Government Senators’ Dissenting Report

1.      The Labor Party and Greens Political Party majority of the Legal and Constitutional Affairs References committee (the committee) have contended that the Attorney-General has failed to answer a number of questions in their Appendix 1 of the committee’s interim report.  

2.      Answers to questions on notice from the hearing (during which questions were addressed to the Attorney-General’s Department) on 17 February were provided to the committee on 24 March 2017 (in an email from Alana Fraser of the Attorney-General’s Department to the Secretariat). 

3.      Answers to questions taken on notice at the hearing on 8 March 2017 (addressed to the Attorney-General) were provided on 23 March and 29 March 2017.   

4.      All bar one of the questions[1] specifically cited by the committee were answered in the above responses.  More particularly:

Question No. Response Provided PII Claim made
1 24 March 2017, pp.2-3 Yes- over notes (see from ‘it would not be appropriate to further disclose the nature of the issues covered’)
2 No
3 24 March 2017, pp.14-5 n/a
4 24 March 2017, pp.14-5 n/a
5 23 March 2017 Yes- refer from ‘the public interest in non-disclosure’ onwards. 
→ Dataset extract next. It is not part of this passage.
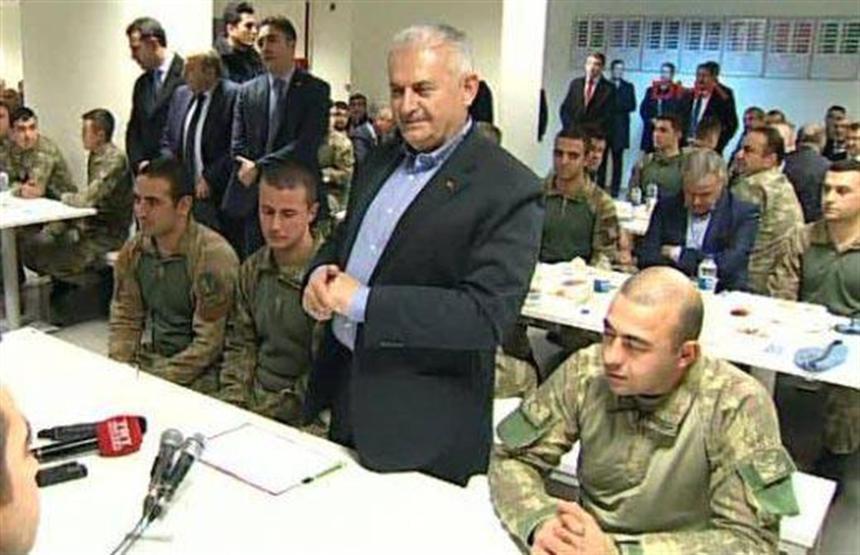 Başbakanın bulunduğu fotoğraftaki diğer asker de şehit oldu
5.      The sole unanswered question was asked at the committee’s hearing on 17 February 2017. Given that all of the questions on notice from that hearing were otherwise answered in the response tabled on 24 March, the most likely explanation is that this question was accidentally overlooked, either by officials of the Attorney-General’s Department or the Attorney-General’s Office.   Government Senators note that this oversight has now been brought to the Attorney General's attention and would urge the Attorney General to provide an answer to the committee at his earliest convenience.

6.      The majority report also contends that the Attorney-General should make a public interest immunity claim on the basis of legal professional privilege, or that documents were confidential. 

7.       In fact he Attorney-General’s response to the committee tabled on 23 March 2017 contained, under the heading ‘the public interest in non-disclosure’ a comprehensive explanation of the harm to the public interest that would result from answering the relevant questions on notice (see Appendix 1 to this Dissenting Report). The Attorney has complied with the committee's request.

Senator David Fawcett

 

Government Senators’ Dissenting Report

Appendix 1

The public interest in non-disclosure

It is not in the public interest to depart from the established position that has been maintained over many years by successive governments, from both sides of politics, not to disclose privileged legal advice.  Absent exceptional circumstances, it is essential that privileged legal advice provided to the Commonwealth remain confidential.  Access by Government to such confidential advice is, in practical terms, critical to the development of sound Commonwealth policy and robust law-making.

The High Court of Australia has repeatedly affirmed that there is a public interest in maintaining the confidentiality of legal advice.  In Grant v Downs, Stephen, Mason and Murphy JJ stated:[2]

The rationale of this head of privilege, according to traditional doctrine, is that it promotes the public interest because it assists and enhances the administration of justice by facilitating the representation of clients by legal advisers.

It has further been recognised that the doctrine of legal professional privilege itself arises from a weighing of the public interest for and against disclosure.  In Waterford v Commonwealth, Mason and Wilson JJ opined:[3]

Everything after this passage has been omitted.